Brief descriptive captions ▸
BEGIN

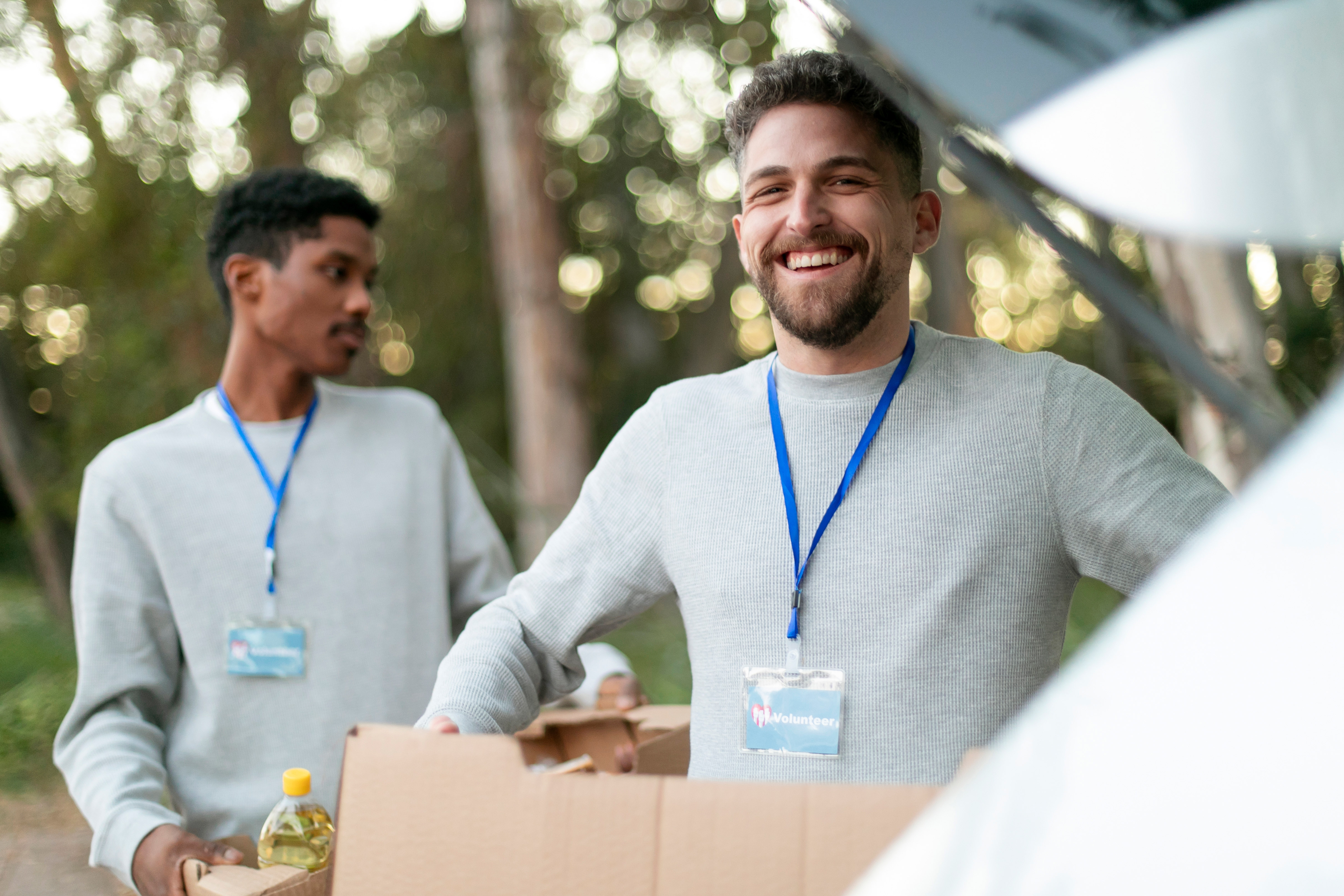 Two male volunteers wearing grey sweaters and blue badges carry boxes outdoors in a wooded area.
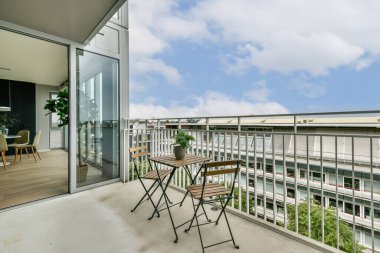 Şık oturma düzenleri, büyük cam pencereler ve kentsel yaşam deneyimini geliştiren saksı bitkilerinin yer aldığı çağdaş bir balkon..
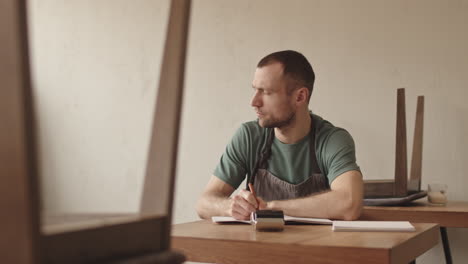 middle-aged waiter writing explanatory report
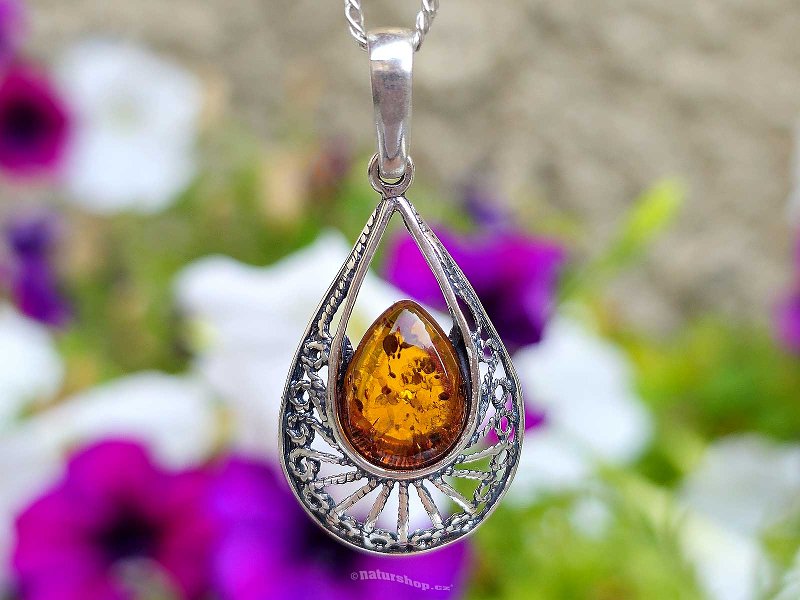 Amber honey pendant decorated with silver Ag 925/1000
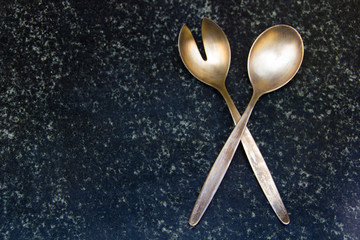 Two metallic silverware spoon and fork for salads placed on a dark marble surface, ideal for...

END

A faithful copy is needed: reproduce all of the data above, leaving the pictures out.

Exercise result ▸
 Two male volunteers wearing grey sweaters and blue badges carry boxes outdoors in a wooded area.
 Şık oturma düzenleri, büyük cam pencereler ve kentsel yaşam deneyimini geliştiren saksı bitkilerinin yer aldığı çağdaş bir balkon..
 middle-aged waiter writing explanatory report
 Amber honey pendant decorated with silver Ag 925/1000
 Two metallic silverware spoon and fork for salads placed on a dark marble surface, ideal for...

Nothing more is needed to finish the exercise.